>>>>>

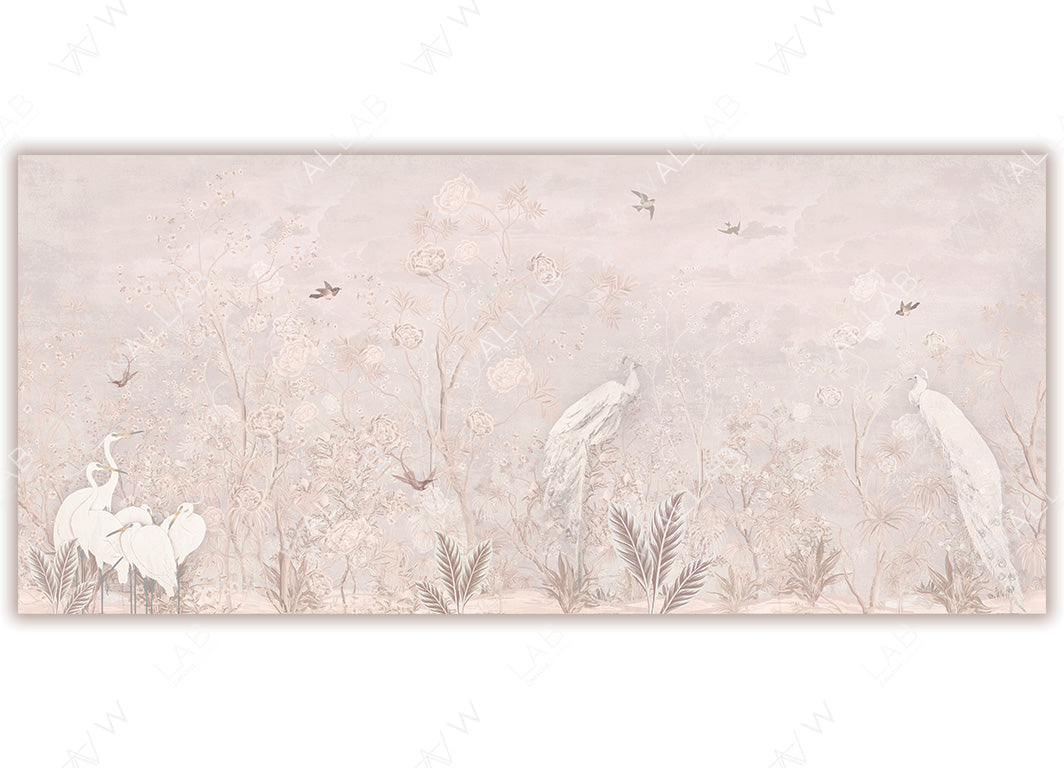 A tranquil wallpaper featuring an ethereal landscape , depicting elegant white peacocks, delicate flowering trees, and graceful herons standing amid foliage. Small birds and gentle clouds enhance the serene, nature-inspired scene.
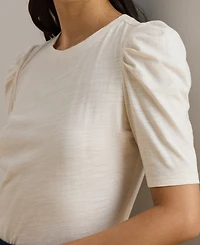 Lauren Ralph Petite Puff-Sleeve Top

<<<<<
>>>>>

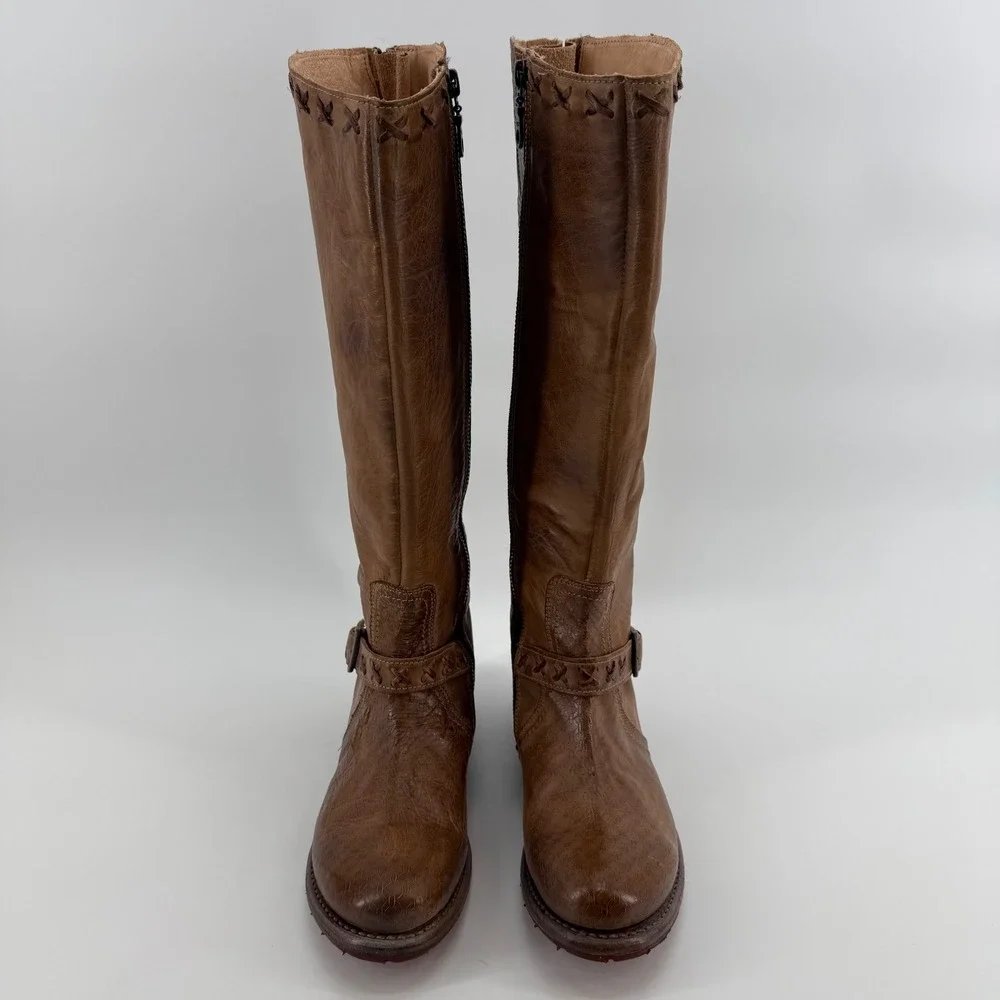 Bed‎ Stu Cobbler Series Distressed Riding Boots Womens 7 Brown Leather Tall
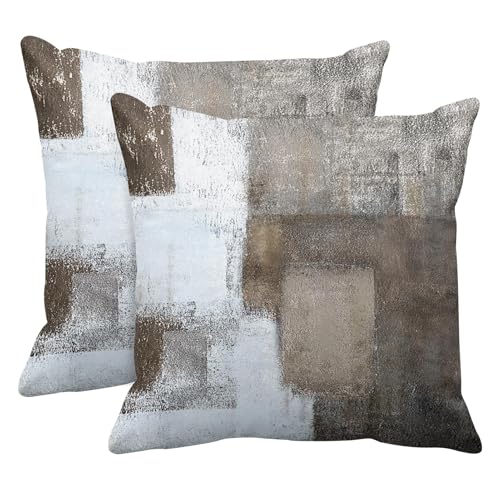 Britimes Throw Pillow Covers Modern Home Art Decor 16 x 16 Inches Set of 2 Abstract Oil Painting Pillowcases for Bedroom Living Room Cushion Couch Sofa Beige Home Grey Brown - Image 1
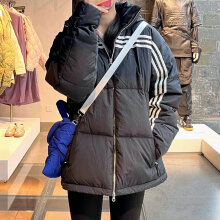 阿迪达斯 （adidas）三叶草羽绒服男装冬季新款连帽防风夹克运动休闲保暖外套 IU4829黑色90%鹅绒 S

<<<<<
>>>>>

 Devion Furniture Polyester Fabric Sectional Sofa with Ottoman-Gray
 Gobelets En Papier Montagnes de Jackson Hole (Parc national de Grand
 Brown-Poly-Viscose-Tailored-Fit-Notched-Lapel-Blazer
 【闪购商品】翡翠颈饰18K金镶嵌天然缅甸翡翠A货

<<<<<

= Required work =
All lines above starting at the one with "A tranquil wallpaper" and ending at the one with "Lauren Ralph Petite Puff-Sleeve Top", inclusive, are to be printed again exactly, with the pictures left out.

= Result of the exercise =
 A tranquil wallpaper featuring an ethereal landscape , depicting elegant white peacocks, delicate flowering trees, and graceful herons standing amid foliage. Small birds and gentle clouds enhance the serene, nature-inspired scene.
 Lauren Ralph Petite Puff-Sleeve Top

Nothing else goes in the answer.